Desperate for assistance as its foreign currency reserves tumble, Turkey has appealed to the US for a dollar swap line, but experts say the US Federal Reserve is unlikely to go ahead with the move due to Washington’s rocky ties with Ankara and US financial experts’ doubts about Turkey’s economic prospects.
“It seems the reasons why the swaps are needed in Turkey do not fit into the Fed’s stated goals,” US economist William Dudley said. “It’s also hard to imagine that the Fed would run out swaps to a country that is having some bumpy relations with the United States.”
While Dudley said it was possible an agreement could be reached if the White House intervened, he doubted the Federal Reserve would make such a decision “unilaterally.”
The US has not commented on Turkey’s request for a swap line, which are generally only provided to trusted countries with high credit ratings.
Washington and NATO are at odds with Ankara over its purchase of a Russian S-400 defence system last year and conflicting aims in war-torn Syria.
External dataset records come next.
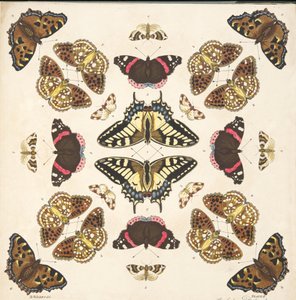 (detalle) de Placa II, de Una Rara Representación de Mariposas y Polillas, pub. 1764 de Benjamin Wilkes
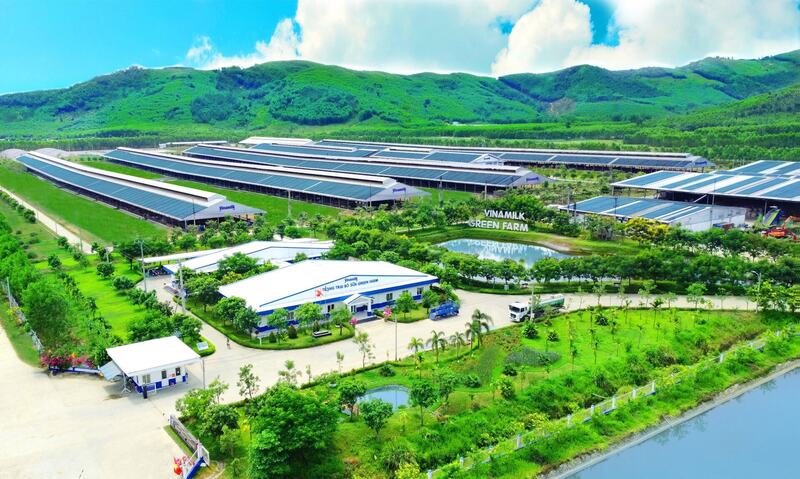 Vinamilk đã nỗ lực triển khai nhiều hoạt động nhằm chuyển đổi mô hình kinh tế tuyến tính sang kinh tế tuần hoàn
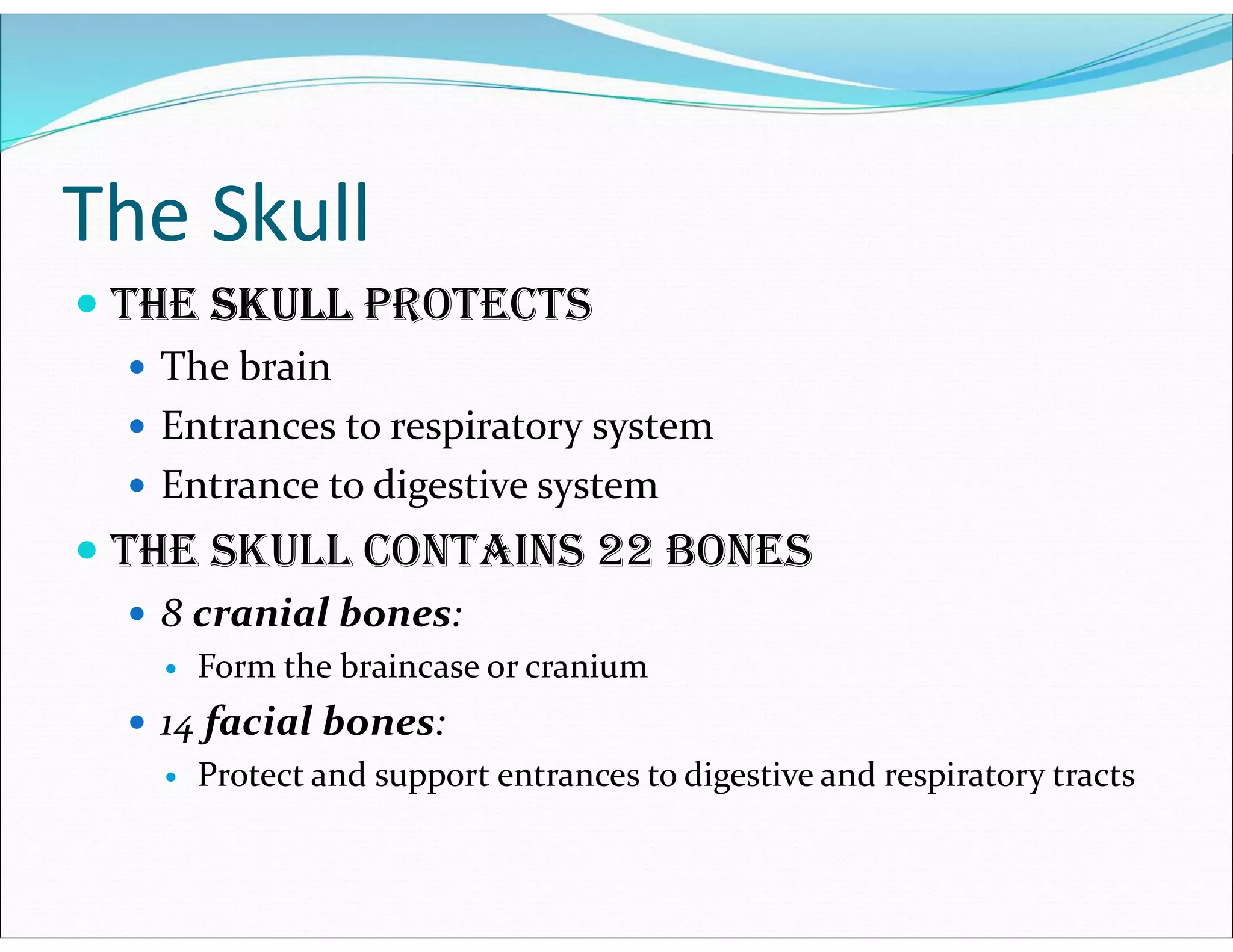The Skull
 The skull proTeCTs
 The brain
 Entrances to respiratory system
 Entrance to digestive system
 The skull ConTAins 22 Bones
 8 cranial bones:
 Form the braincase or cranium
 14 facial bones:
 Protect and support entrances to digestive and respiratory tracts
Turkey could face US sanctions if it activates the Russian system.
Even as Turkey’s economy falls deeper into shambles, President Recep Tayyip Erdogan has refused to reverse course on major domestic fiscal policy issues, which he has progressively taken charge of during his 18 years in power.
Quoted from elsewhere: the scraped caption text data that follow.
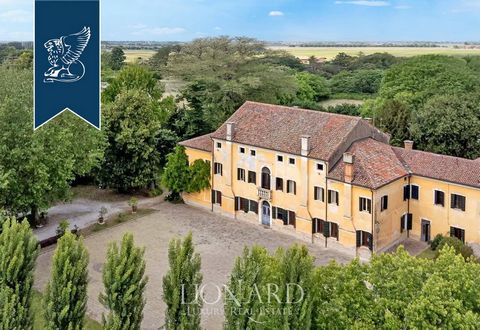 Avvolta dal silenzio e dalla quiete della campagna veneta, questa affascinante villa storica in vendita rappresenta un raro esempio di dimora nobiliare ottocentesca perfettamente conservata. La proprietà si estende su circa 2 ettari di terreno privat...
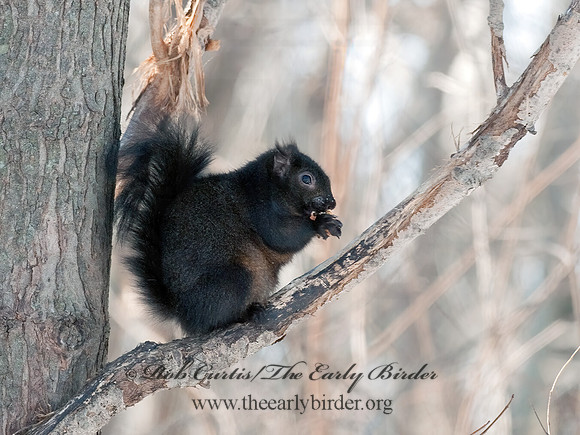 Sciurus carolinensis  EASTERN GRAY SQUIRREL 3000939z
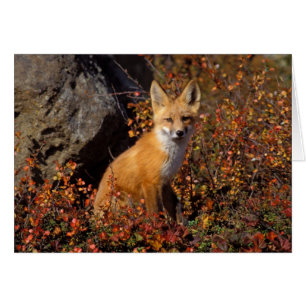 röd räv, Vulpes vulpes, i höstfärger längs Hälsningskort
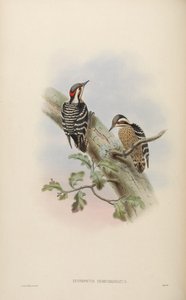 Iyngipicus semicoronatus = Dendrocopos canicapillus semicoronatus de John Gould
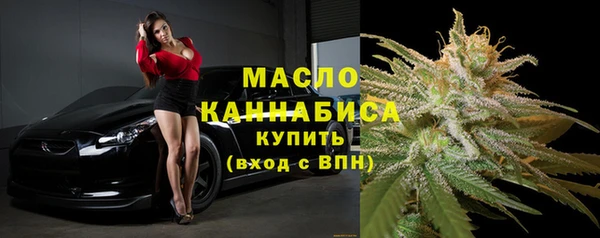 СК Бородино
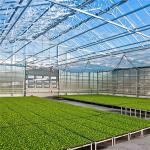 Gothic Venlo Type Greenhouse Agricultural Stable Structure Easily Assembled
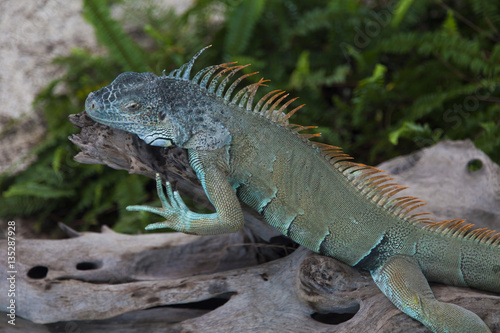 Lizard on hunting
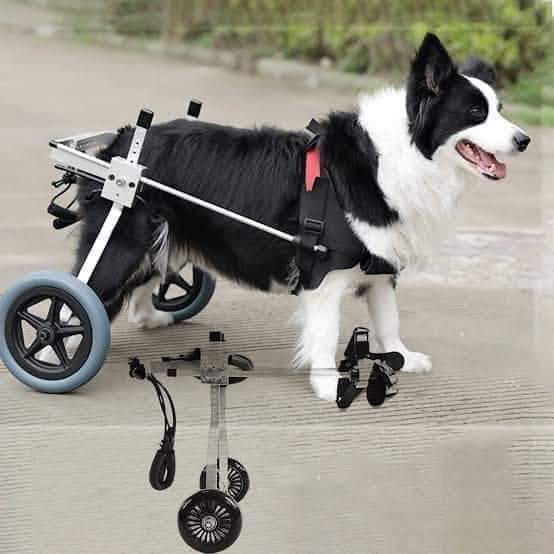 50BorderCollie's tweet photo. Today is my birthday no one Wishes me 🙂 https://t.co/E6m6D2XGDD
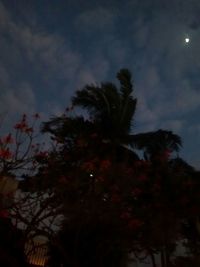 Low angle view of trees against sky at dusk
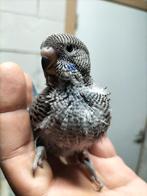 Blackface, Dieren en Toebehoren, Vogels | Parkieten en Papegaaien, Parkiet, Geringd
Erdogan ruled out any loan agreement with the IMF last month while he accused unspecified foreign powers of orchestrating a plot to ruin the Turkish economy.
“The palace has an economic doctrine of its own, very unorthodox, and not inspired by any known economic theory, which will inevitably lead to crisis,” Atilla Yesilada, a Turkey analyst for Global Source Partners, told the news website Ahval.
“Erdogan’s objections to the IMF have nothing to do with its policy recommendations. His objective has been unbridled control and impunity in governing Turkey. Any supervision or the need to account for his policies bothers him.”
Ankara hit another negative benchmark last week when its currency dropped to a record low against the dollar, with 7 lira trading for just 1 US dollar.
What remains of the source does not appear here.